Lightweight: A Division in Transition
When, in November of last year, Juan Manuel Marquez opted to enter the ring and go face to face with his long-time nemesis Manny Pacquiao for a third time, he was considered the best lightweight in the world. He had turned back the likes of wily Cuban southpaw Joel Casamayor, relentless Australian puncher Michael Katsidis and tenacious Texan brawler Juan Diaz. His second defeat to Pacquiao was tinged with controversy, many felt Marquez had won.
With revenge in his heart, the Mexican legend fought on with a low-key light welterweight bout earlier this year, hoping a fourth installment of the Marquez-Pacquiao opera would be on the horizon come the end of 2012. It now looks like the man we know as “Dinamita” will be making his vacation to higher weights a permanent stay. It leaves the 135 lb weight class in a transitional state. When better than now to take a look at the future of this historic division?

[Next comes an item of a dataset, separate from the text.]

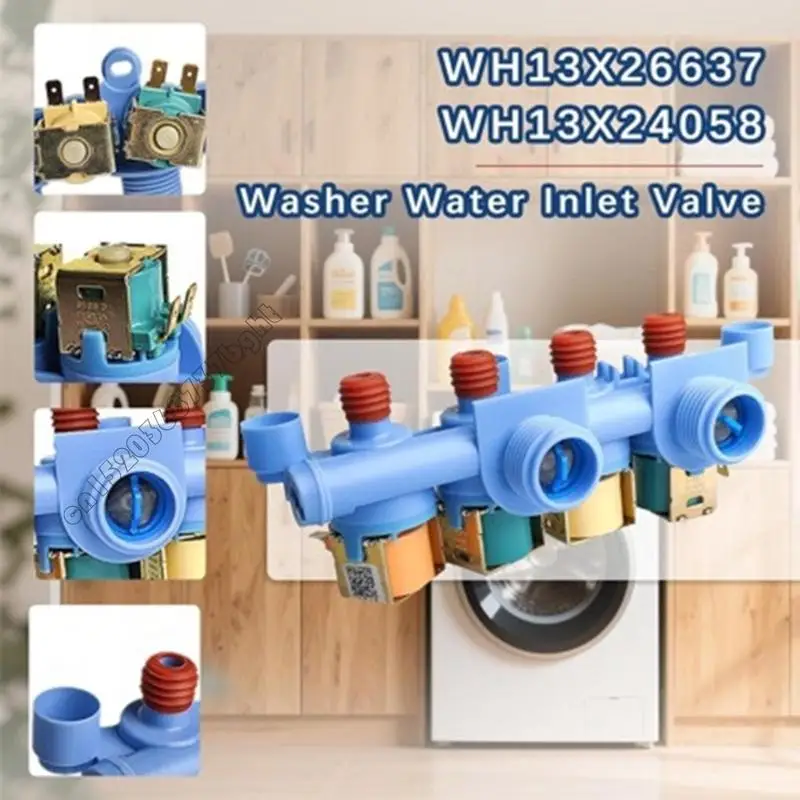 Componente electrodoméstico para lavadoras automáticas Control flujo agua 4XFB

Considering the names that have graced lightweight over the years, it seems an insult to tradition for it to be filled with such uncertainty at this point though, like it or not, this is the position the weight class finds itself in, devoid of an undisputed champion and any real star-power.
Recently, some have seen lightweight as a stepping stone to higher poundage, where the plains are awash with big names and super-fights; Humberto Soto held onto this ideal while never really succeeding, Robert Guerrero bypassed the division with barely so much as a hello and goodbye, and Manny Pacquiao himself just hopped right on through the lightweight division.
Others seemed to have physical issues with the weight itself. Joan Guzman was notorious for his inability to cut down to 135, to the extent he came in nine (yes, nine!) pounds over for his rematch with Ali Funeka in 2010. Brandon Rios was touted as the heir at lightweight to Juan Manuel Marquez’s supremacy, but if his consistently gaunt appearance on the scales and multiple missed weights didn’t throw up red flags for this argument, his poorly scored victory over Richard Abril sounded out a full-scale alarm and a quick sprint up to 140 lbs.
Certain fighters have met more unfortunate ends to their lightweight ambitions. Jorge Linares was well respected but shocking cuts led to consecutive stoppage defeats. Edwin Valero was just emerging as a serious lightweight force, having surged through Antonio DeMarco, before succumbing to his personal demons outside the ring, meeting a tragic suicidal conclusion in 2010.
However, although the division may seem moribund, it is no wasteland and there remains a great deal of talent. The issue is simply how to coax the best out of it, and this will begin to be sorted out this September, when two quality fights are set to take place.
Antonio DeMarco looks to continue his form since his aforementioned defeat to Valero when he takes on the tough, hard-punching John Molina. DeMarco made a statement of intent with a career-best win over Linares last year. Behind on the scorecards, DeMarco chipped away, bloodying Linares’ face with a gruesome cut on the bridge of the nose before forcing a halt to the fight. Similarly, Molina came from behind to stop Hank Lundy two years ago, though until now he has not been able to capitalize on the momentum that victory should have given him.
Both DeMarco and Molina can bang with real effect, absorb shots and both have previously shown plenty of heart. Expect an uncompromising battle with an ending that perhaps may not be for the feint of heart.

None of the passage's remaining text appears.